The point being made here is: reproachable as Abacha’s regime is, and evil as
the man himself has turned out to be, General Sani Abacha did not act alone,
couldn’t have acted alone. No one can rule a country all by himself, even
when that country is not as contentiously diverse and aggressively
heterogenous as Nigeria. How could all these people who ran Abacha’s errands
and literally ate from his hands now so hypocritically wash themselves clean
of
the mess of their former boss, even when the fortunes accummulated from that
murderous mess forms the basis for their present political power and social
status?
Of this finger-pointing crowd, perhaps no one’s action is as bizarre and
incredible as that of Oladipo Diya’s. In one interview after another since
his very lucky escape, he has had one bad thing or another to say about his
former boss. He even called him dictator! But the waters of a thousand rivers
cannot wash Diya clean of the wanton bloodshed of the Abacha-Diya junta.
How can we forget Diya’s role in the crises following the annulment of the
June 12 election, the way he corralled traditional rulers in the south-west
and a few political opportunists from that zone into support for their
so-called constitutional conference, his demonisation of NADECO, his various
insensitive statements etc? Was Diya ever aware of the incarceration of Chief
MKO Abiola, the frustration of whose electoral victory paved the way for
Diya’s Number 2 job in Abuja?
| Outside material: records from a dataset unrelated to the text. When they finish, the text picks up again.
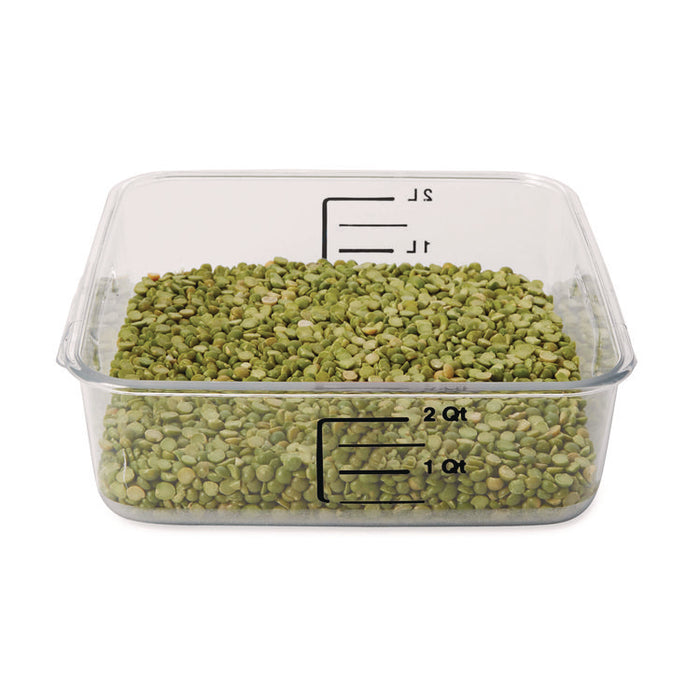 SpaceSaver Square Containers, 2 qt, 8.8 x 8.75 x 2.7, Clear, Plastic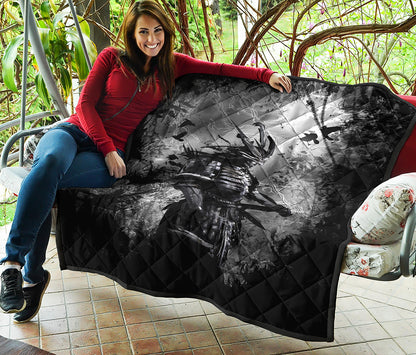 Dark Samurai Warrior Print Quilt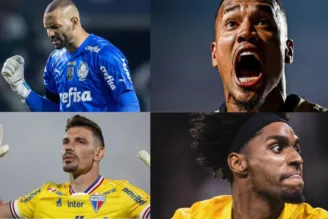 Weverton, John, João Ricardo e Hugo Souza, goleiros do Palmeiras, Botafogo, Fortaleza e Corinthians, respectivamente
Was he on sabbatical when Ken Saro Wiwa and
others were condemned to death, when Kudirat Abiola, Chief Alfred Rewane, etc
were assassinated? If Diya has any sense of shame, he should just shut his
mouth, thank his stars, and stop insulting the intelligence of fellow
Nigerians who suffered his tyranny and are now being made to endure his
impertinence.
Abacha’s court messengers were many, so were his hit men. We haven’t heard
much from Abdulkareem Adisa, ex "action governor", ex works minister, who
once sang and danced in an "Abacha-for-ever" parade before finding himself in
the jaws of the hyena himself. What about Alhaji Arisekola, contractor
extraordinary whose solidarity with his friend in Abuja gave the city of
Ibadan a red May Day in 1998? As for Abacha’s professors, the nation is still
waiting for their philosophical dissertation on "The Pleasures of Tyranny".
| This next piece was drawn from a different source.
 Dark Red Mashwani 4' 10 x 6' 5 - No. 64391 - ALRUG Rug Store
In our effort to rid ourselves of the legacy of Abacha, we need to ask some
salient questions: why do some Nigerians find it so easy to profit from
tyranny? Why are they prepared to do anything for a slice of power? Why
wouldn’t they think twice before betraying their conscience, their country?
Why are Nigerians so tolerant of treachery and evil? Abacha is dead, but,
alas, Abachaism remains a national malaise, waiting for a desperate cure.